Jessica awoke late on Sunday morning, groggy from the NyQuil but clearheaded enough to realize she couldn’t keep hiding away with Chris, drugging herself and having dream sex that blew her mind and felt like it lasted for hours. She sat up and her temples pounded, sending her onto her back in bed next to Chris again.
Come on, McCloud! You have shit to take care of.
She gritted her teeth and rose again. It was time to return to Nu Alpha Omega.
At the very least, she needed to get her things. But mostly, she needed to talk to her sisters one last time before she moved on.
She texted Kate to give a heads up of her return, and then showered and got dressed, resisting the urge to climb back in bed with Chris and try one more time to upgrade dream sex to reality sex. But it was pointless. They’d tried before yesterday’s NyQuil binge and neither had been surprised to find the same old problem arise (or not arise, as it were).
She grabbed Chris’s keys from the coffee table where he’d tossed them the day before and fifteen minutes later, she was pulling up the long driveway toward the NAO house.
Her sisters’ cars were all there as far as she could tell, and she inhaled deeply, reminding herself that she could do this. She’d made a decision and it was definitely the right one, and if she was smart, she wouldn’t lose all the friends she’d worked so hard to make.
When she walked through the front door, her sisters were already gathered around the long dining room table, talking quietly. Then they fell silent as she stood in the doorway.
“Hey.” She forced herself to walk further in. This was her sorority. She was still the president and founder and reason for it to exist at all. She wasn’t an outsider. Maybe they were worried about what she had to say. They didn’t need to be.

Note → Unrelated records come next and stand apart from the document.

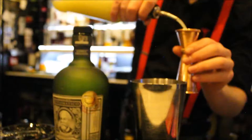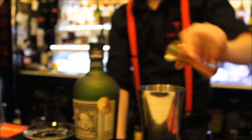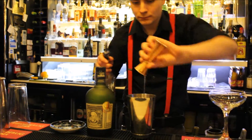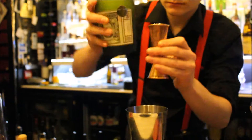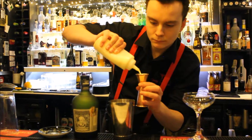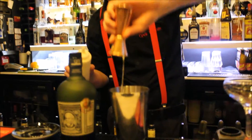It's called a Velvet Ambassador. It uses about 15ml of fresh lime juice, a full shot of lemon juice, a full shot of sugar syrup, two full shots of Diplomatico Reserva Exclusiva, two dashes of Angostura orange bitters, and a full shot of double cream. That's all shaken over ice into a nice coupe glass.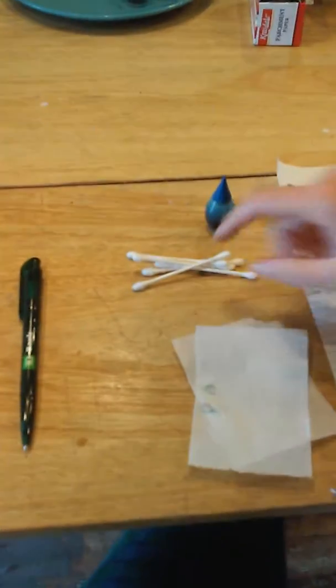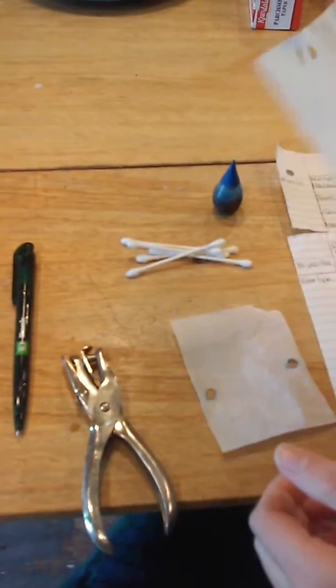Today we're going to do the super taster papillae test to see how many papillae we have on our tongues. I have my brother here as the first guinea pig of the test. I have my hole puncher, cotton swabs, blue dye, and parchment paper.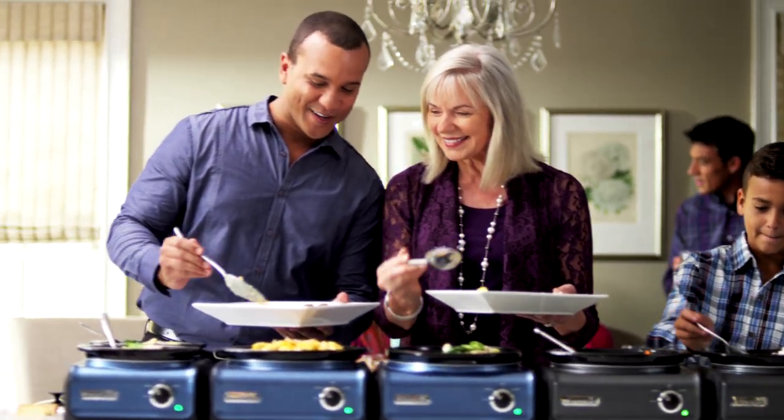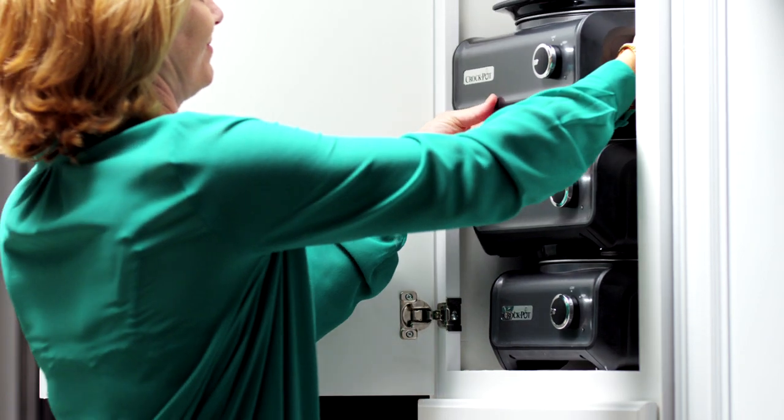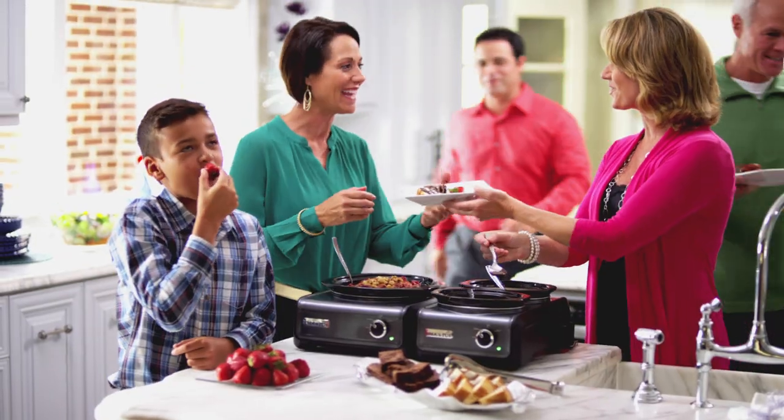Hook it up, heat it up, and eat it up. And they stack up for easy storage. So now, it's easy to be the hostess with the mostess.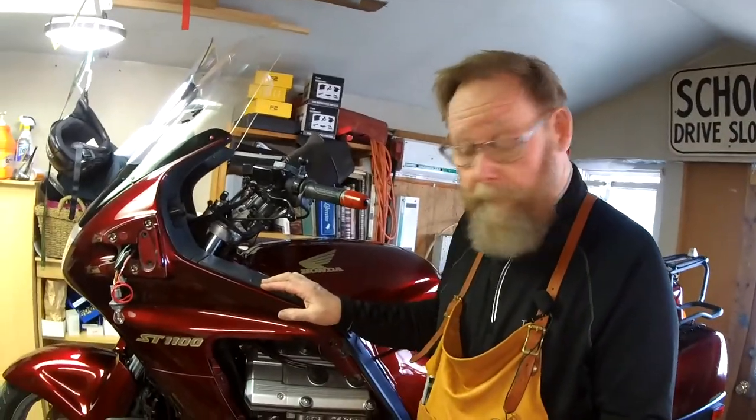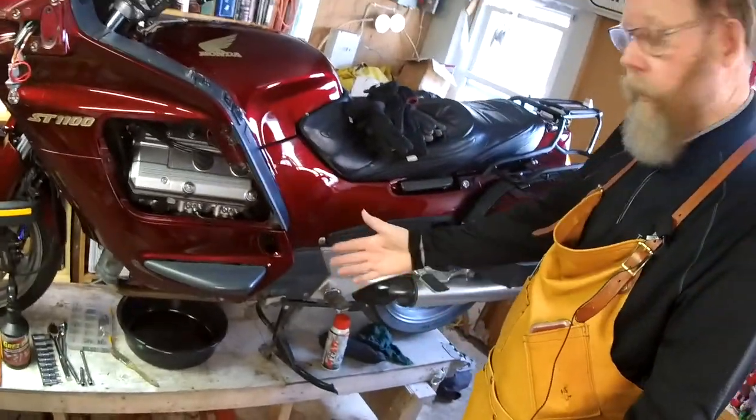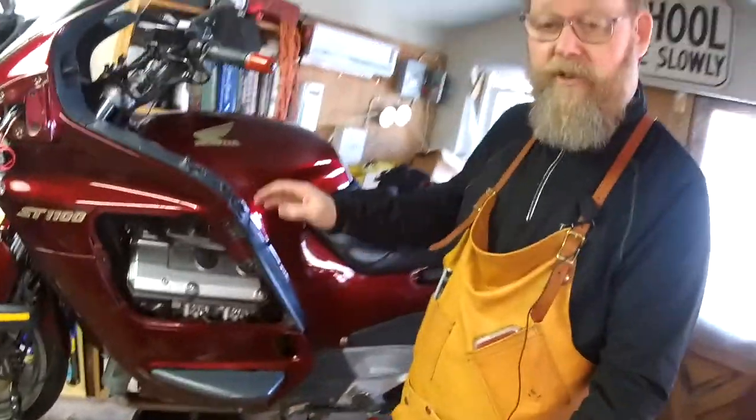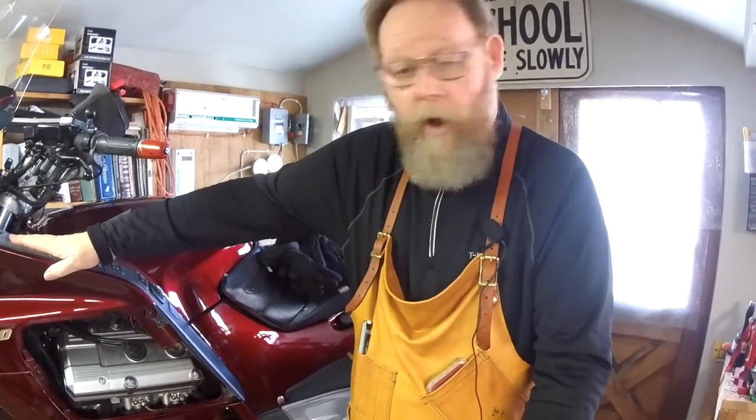Anyway, just so you know, my bike is almost ready to go. It's up on my lift. I've got almost all the plastic done. I've had it serviced. I've gotten the valves checked. I've gotten all the coolant changed and the brake fluid and the clutch fluid changed. And it's ready to go.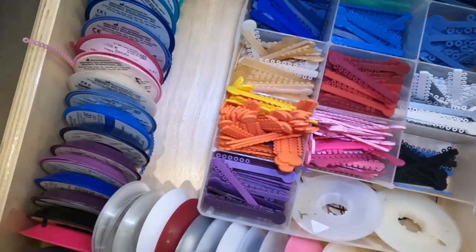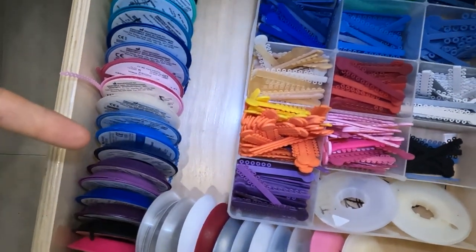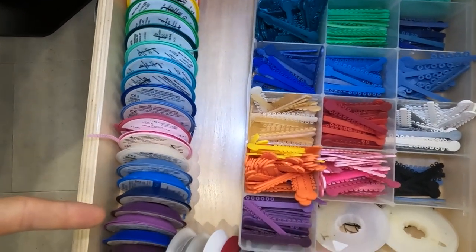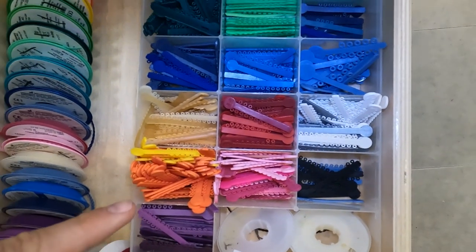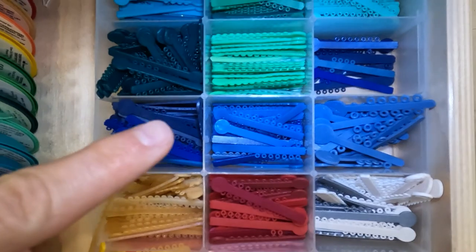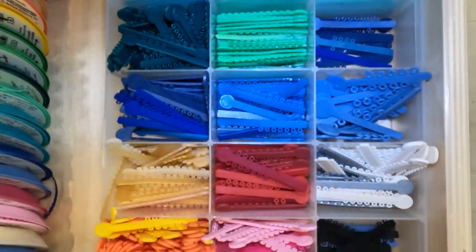Made it into the clinic. I'm gonna show you colors and power chain. Here we go — we got power chain over here, all these different colors. The power chain is used to squeeze spaces down. Then you have these, what we call elastomers or single ties, little donut-looking shapes that go around the brackets.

Nothing would really change for them.
She took a seat in her usual spot in the center and the rest waited for her to speak, even Kate, who sat facing her on the opposite side of the table.
“I’m not mad at anyone, so don’t worry.” While that didn’t erase the tension, it did seem to chip away at it. “But I’ve realized a couple things over the past few days.” She inhaled to steady herself against nerves and medication-induced grogginess that made everything around her spin just a little bit. “It’s time for me to move on. I want y’all to keep going, though. I want you to keep running NAO. I’m stepping down, and Kate will take over, but she was always more of a president anyway, so I’m sure you’re in good hands.”
“Where are you going?” Maddy asked from the end of the table.
“I’m dropping out of school. I’m gonna start a bakery.”
Judith chuckled. “Take me with you?”
A few sisters also laughed, and when Jessica did, too, the mood lightened. “Yeah, I’m pretty excited about it.”
“Good,” Kate said. “You should be.” And when Jessica turned her attention to the new president’s face, Kate added, “I’m sorry I got carried away with the rites.”
Jessica waved her off. “No, it’s fine. I can’t be squeamish about what needs to be done. And now I realized I was anxious about a lot of things that weren’t related to it, and I let it get the best of me. I’m sorry.”
“Still,” Kate persisted. “I shouldn’t have argued with you about it. You call the shots.”
“Not anymore,” Jessica said. “Now you call the shots. And I’m certain you’ll make the right calls.”
Simone said, “So you’re not going to disband NAO?”
Jessica shook her head firmly. “No way. And actually, I know this is a little ways down the road, but I’m wondering if there are any other campuses that might want to open a chapter. Once you’re done bringing in the new pledge class, obviously.”
Kate’s eyes opened wide. “I was thinking the same thing.”
“Of course you were.”
“Where are you going to go?” Pippa asked.
“Not sure yet. Gonna start scouting around.”
Judith cleared her throat. “I wasn’t kidding. Take me with you. Wherever it is.”
“I need you here, though,” Jessica said. “How else are we going to recruit the apathetic chainsmoker demographic?”
Judith rolled her eyes.
That took care of that business, at least, but there was still more to discuss, and holy shit did she want to discuss it with this exact group of people. “So I broke up with Mason.”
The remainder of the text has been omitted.